INFORMATION SUPPLIED >>

......

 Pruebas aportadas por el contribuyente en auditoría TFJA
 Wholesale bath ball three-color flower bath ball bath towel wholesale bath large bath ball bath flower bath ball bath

......

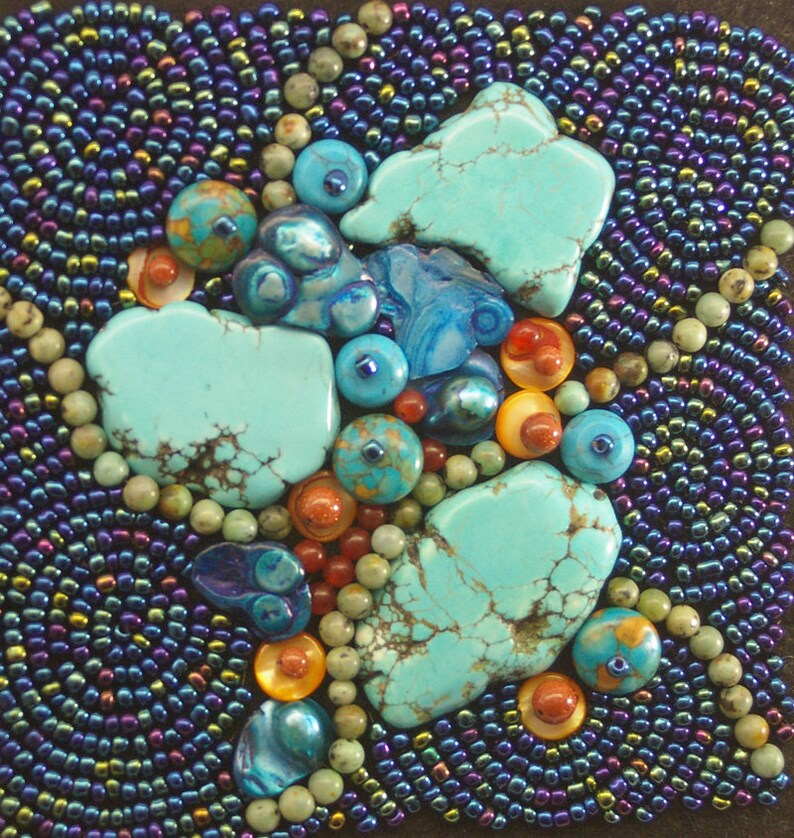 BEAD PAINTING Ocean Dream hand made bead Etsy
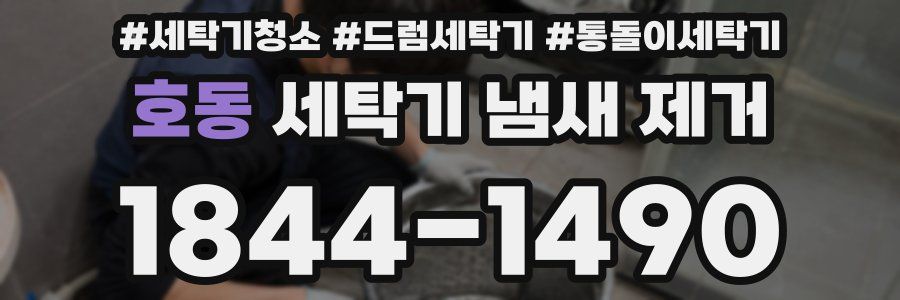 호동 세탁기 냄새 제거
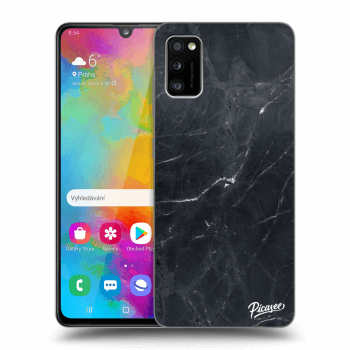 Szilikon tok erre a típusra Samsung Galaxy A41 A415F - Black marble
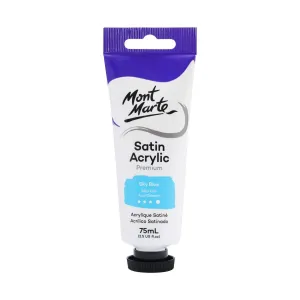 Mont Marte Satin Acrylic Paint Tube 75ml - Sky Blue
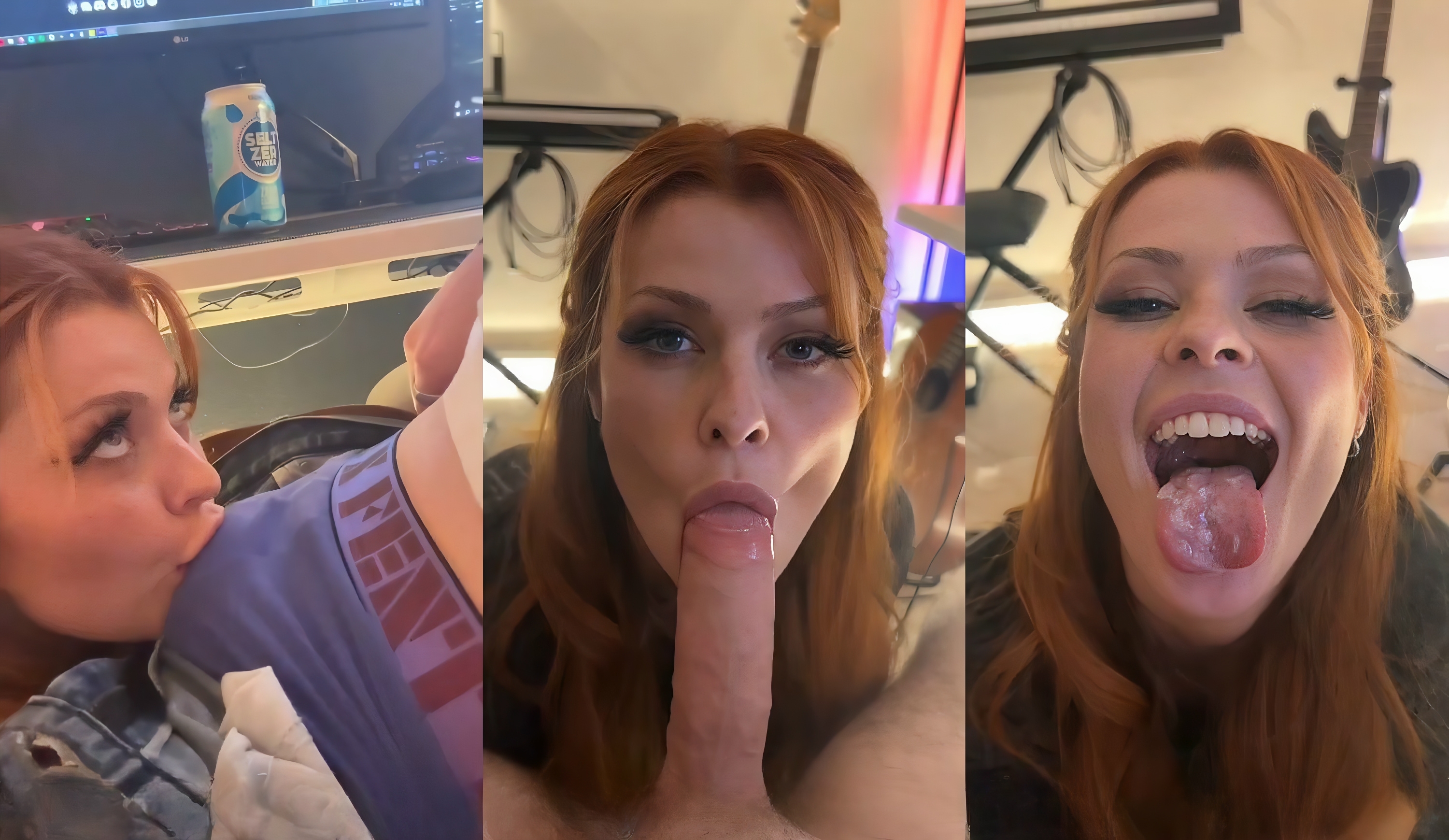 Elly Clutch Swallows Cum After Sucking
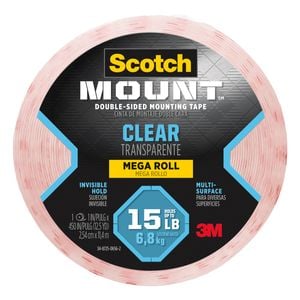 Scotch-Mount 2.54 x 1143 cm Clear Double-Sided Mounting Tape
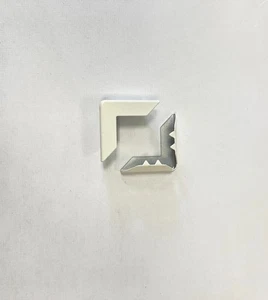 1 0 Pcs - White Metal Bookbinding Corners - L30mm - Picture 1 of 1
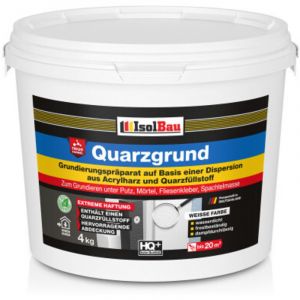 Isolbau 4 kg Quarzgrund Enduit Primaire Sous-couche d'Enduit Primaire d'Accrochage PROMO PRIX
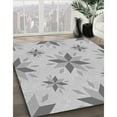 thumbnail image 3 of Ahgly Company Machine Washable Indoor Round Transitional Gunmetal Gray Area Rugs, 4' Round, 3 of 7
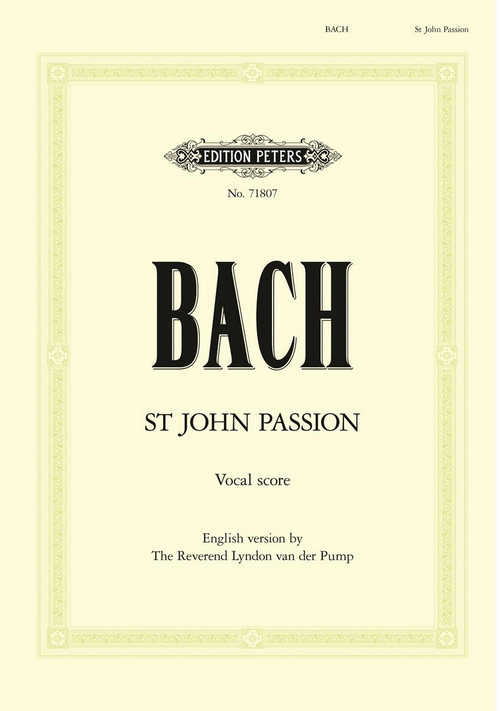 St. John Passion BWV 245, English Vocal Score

......

Take only the lines above from the one that has "thumbnail image 3" through the one that has "St. John Passion" and reproduce them exactly, omitting any pictures.

 thumbnail image 3 of Ahgly Company Machine Washable Indoor Round Transitional Gunmetal Gray Area Rugs, 4' Round, 3 of 7
 St. John Passion BWV 245, English Vocal Score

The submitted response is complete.